* Exercise goal *
Reproduce the full listing below exactly. Do not include the pictures.

* Material provided *
□ □ □ □ □ □ □
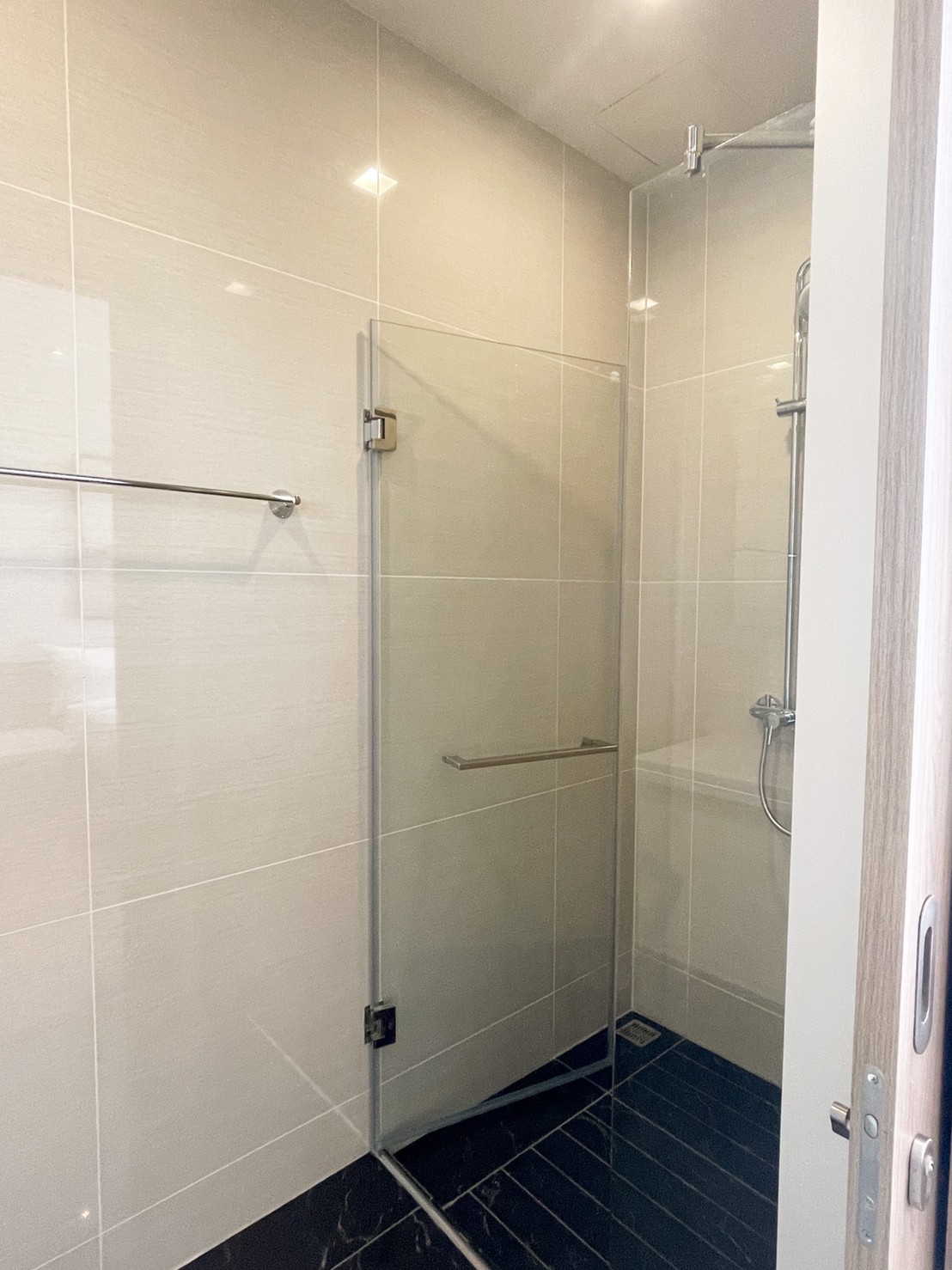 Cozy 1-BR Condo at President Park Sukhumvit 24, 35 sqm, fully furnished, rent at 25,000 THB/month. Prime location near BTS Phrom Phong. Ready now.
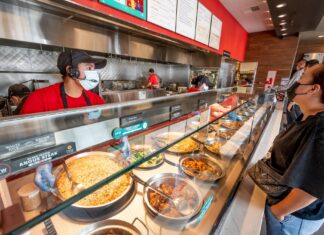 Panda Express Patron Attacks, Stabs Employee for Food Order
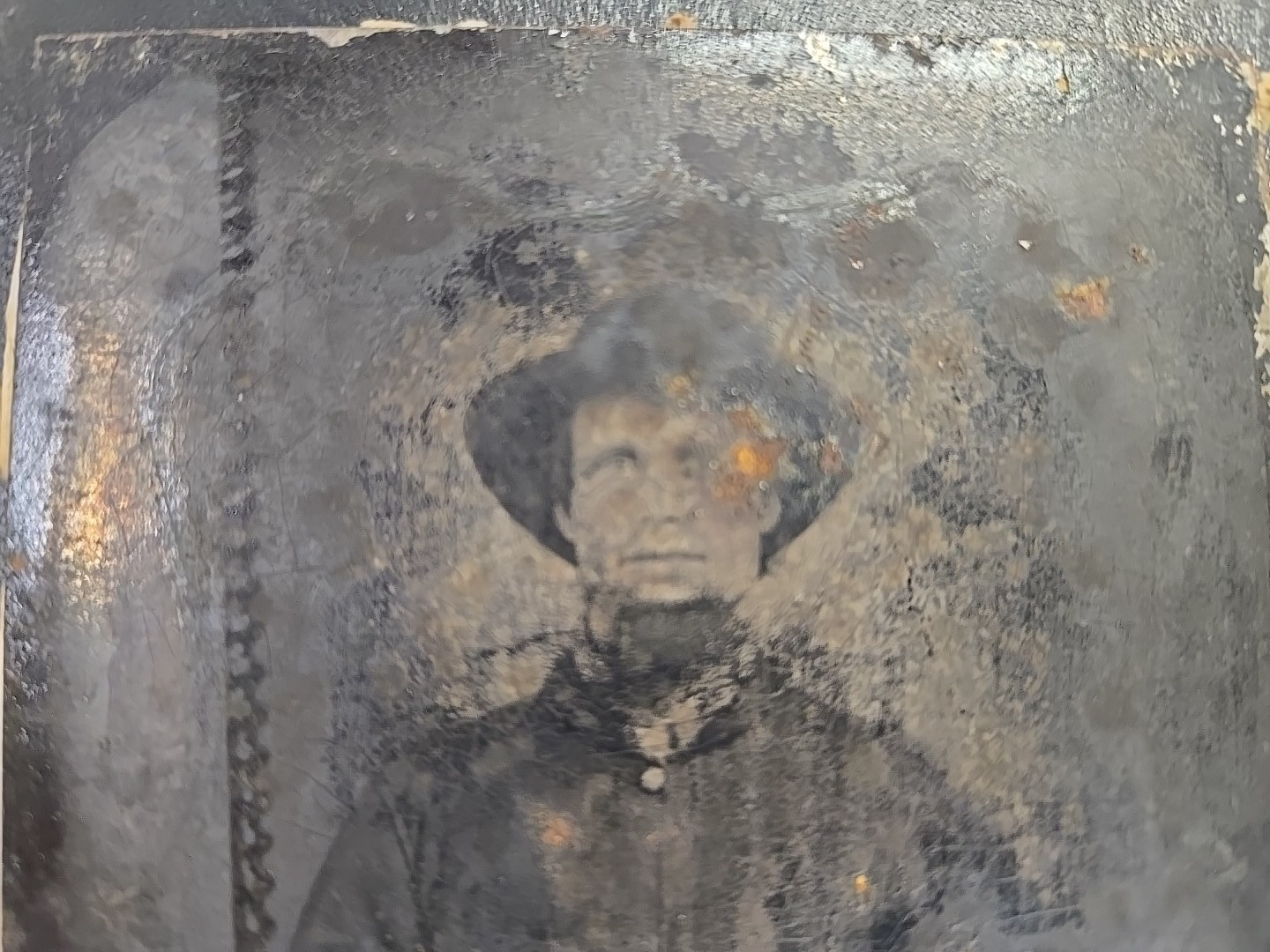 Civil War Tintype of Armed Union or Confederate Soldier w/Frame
□ □ □ □ □ □ □
* Task output *
 Cozy 1-BR Condo at President Park Sukhumvit 24, 35 sqm, fully furnished, rent at 25,000 THB/month. Prime location near BTS Phrom Phong. Ready now.
 Panda Express Patron Attacks, Stabs Employee for Food Order
 Civil War Tintype of Armed Union or Confederate Soldier w/Frame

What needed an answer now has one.